İnsanoğlu olarak hepimiz geçmişin mazi, geleceğin ise bilinmez ve sonu olmayan bir boşluk olduğunu, asıl önemli olan şeyin bizim anlarımızdan ibaret olduğunu ve bu anları dolu dolu yaşamak için ne gerekiyorsa yapmamız gerektiğini çok iyi biliyoruz; ama harekete geçmek için zamanımızdan, çevremizden belki de kendimizden ödünler vermemiz gerektiğini içten içe bilsek de bunu bir türlü kabullenemiyoruz. Hayatın bize verdikleriyle yetinip ve bunları gerçekten istermiş gibi gözüküp, daha fazlasını beklemeden oradan oraya sürekli bir telaş içinde sürüklenip gidiyoruz.

Buket Uzuner’in de dediği gibi ‘Kendi inşa ettiğimiz hapishanelerde yaşıyoruz; adına ev, aile, akrabalar, töreler diyerek… Sonra bu duvarların arasında boğulup çıldırıyor;ama yıkılmasın diye de uğruna hayatımızı siper ediyoruz.’

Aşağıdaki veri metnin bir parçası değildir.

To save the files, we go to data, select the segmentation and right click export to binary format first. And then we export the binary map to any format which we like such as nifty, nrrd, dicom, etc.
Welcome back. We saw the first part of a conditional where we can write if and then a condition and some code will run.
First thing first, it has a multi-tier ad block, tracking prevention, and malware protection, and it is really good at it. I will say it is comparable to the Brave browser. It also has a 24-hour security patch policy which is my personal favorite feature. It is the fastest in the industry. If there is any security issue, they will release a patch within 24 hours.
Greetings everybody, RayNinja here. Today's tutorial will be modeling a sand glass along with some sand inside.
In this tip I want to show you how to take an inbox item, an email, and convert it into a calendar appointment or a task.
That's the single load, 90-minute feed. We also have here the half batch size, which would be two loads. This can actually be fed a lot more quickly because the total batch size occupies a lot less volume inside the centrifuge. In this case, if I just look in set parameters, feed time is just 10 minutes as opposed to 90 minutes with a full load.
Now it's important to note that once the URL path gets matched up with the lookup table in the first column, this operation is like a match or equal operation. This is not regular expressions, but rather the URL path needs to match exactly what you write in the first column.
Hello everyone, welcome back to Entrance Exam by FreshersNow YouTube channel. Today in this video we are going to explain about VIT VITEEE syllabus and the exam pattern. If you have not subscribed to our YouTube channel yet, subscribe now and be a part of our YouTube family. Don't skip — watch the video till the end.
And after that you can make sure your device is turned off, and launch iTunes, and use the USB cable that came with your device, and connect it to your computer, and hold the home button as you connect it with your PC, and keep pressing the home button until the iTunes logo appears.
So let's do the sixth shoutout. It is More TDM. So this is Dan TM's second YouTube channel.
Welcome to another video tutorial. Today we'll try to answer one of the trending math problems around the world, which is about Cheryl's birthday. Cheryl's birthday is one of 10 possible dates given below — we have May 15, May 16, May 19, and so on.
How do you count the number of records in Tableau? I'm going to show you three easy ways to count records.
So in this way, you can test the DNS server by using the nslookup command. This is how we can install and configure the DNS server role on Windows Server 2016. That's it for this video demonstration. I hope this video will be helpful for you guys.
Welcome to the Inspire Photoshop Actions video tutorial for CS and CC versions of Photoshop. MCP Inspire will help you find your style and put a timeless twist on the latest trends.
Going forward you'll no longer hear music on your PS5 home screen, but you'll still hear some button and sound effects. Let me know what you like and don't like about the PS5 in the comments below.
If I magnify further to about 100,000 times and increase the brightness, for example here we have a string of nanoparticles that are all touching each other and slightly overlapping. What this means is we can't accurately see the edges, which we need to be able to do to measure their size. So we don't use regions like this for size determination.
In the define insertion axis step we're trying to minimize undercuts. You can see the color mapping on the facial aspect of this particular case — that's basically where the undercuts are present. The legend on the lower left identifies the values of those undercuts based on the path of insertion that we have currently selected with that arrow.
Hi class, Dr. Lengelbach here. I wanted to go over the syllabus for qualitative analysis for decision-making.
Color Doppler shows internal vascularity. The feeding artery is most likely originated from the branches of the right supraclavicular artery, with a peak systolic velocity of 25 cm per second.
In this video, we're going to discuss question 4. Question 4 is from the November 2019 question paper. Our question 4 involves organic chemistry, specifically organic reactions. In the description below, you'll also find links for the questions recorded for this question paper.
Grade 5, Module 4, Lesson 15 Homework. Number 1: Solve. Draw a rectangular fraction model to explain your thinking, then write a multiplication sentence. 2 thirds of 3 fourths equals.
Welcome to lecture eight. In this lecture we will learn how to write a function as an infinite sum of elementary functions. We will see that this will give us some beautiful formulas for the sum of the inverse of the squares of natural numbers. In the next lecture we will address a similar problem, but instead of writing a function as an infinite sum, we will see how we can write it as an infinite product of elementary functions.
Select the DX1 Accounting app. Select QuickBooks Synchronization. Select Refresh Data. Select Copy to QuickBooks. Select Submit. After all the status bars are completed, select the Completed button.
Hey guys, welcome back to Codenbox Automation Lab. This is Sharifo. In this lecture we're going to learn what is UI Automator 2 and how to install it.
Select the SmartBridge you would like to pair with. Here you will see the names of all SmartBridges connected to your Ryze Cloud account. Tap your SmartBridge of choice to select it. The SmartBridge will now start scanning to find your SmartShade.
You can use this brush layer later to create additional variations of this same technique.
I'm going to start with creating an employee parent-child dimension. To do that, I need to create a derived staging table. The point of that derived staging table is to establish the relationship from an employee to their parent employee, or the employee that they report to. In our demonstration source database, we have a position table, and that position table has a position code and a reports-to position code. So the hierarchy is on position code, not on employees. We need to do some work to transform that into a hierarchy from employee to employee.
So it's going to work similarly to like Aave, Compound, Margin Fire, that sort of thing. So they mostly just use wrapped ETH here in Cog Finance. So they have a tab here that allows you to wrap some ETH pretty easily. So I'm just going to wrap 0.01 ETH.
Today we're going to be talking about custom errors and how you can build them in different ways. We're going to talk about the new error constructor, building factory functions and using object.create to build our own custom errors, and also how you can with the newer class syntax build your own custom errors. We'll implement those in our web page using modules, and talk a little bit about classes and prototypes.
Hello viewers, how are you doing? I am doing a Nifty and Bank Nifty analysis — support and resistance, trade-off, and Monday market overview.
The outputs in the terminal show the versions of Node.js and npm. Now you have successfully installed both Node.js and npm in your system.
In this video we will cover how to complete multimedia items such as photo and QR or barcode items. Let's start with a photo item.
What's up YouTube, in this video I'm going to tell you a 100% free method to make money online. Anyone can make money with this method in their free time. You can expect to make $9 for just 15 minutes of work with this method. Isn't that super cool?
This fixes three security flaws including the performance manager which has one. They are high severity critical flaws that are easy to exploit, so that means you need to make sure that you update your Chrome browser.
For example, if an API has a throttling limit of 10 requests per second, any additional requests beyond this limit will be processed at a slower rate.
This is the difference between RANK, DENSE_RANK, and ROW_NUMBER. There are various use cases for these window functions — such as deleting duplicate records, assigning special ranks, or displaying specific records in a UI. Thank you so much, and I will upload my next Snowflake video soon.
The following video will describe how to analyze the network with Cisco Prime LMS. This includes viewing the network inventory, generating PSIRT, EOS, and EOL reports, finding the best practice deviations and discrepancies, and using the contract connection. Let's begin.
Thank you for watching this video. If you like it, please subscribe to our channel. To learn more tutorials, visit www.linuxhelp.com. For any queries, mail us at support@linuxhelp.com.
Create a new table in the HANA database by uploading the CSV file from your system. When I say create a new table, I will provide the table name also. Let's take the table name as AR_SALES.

Peki bu hapishaneler ne zaman yıkılacak? Biz ne zaman geçmişe takılı kalmadan, keşkelersiz, bugünün işini yarına bırakmadan ve yarını düşünmeden, bu hayattaki her şeyden çok kendimizin önemli olduğunu bilerek, gücümüzün farkına vararak ve bunu hissettirerek, çevremizdekilerin ne düşündüğünü önemsemeden belki de bazen dünyanın en saçma şeylerini bile sırf kendimiz istediğimiz için, öylesine yapmaya çalışacağız? Bazen sadece bugün de nefes alabiliyoruz diye günü, güneşi, insanları ve doğayı tüm yalınlığıyla, sorgulamadan selamlayacağız? Ya da bizi mutlu eden şeyleri fırsat buldukça yapmak yerine alışkanlık haline getirmeye başlayacağız? Mesela bir kitap okumak, bir film izlemek gibi… Sevdiğimiz insanlarla yan yana olup onlarla kahkahalarımızı, haykırışlarımızı paylaşmak gibi… Bir sahil kenarında oturup denizin kokusunu olan gücüyle içimize çekmek gibi… Bazen yalnızlığı tercih edip yağmurun sesiyle baş başa kalmak gibi… Veya derin dinlenmelere dalıp iç sesimizdeki yankıları bulmaya çalışmak gibi…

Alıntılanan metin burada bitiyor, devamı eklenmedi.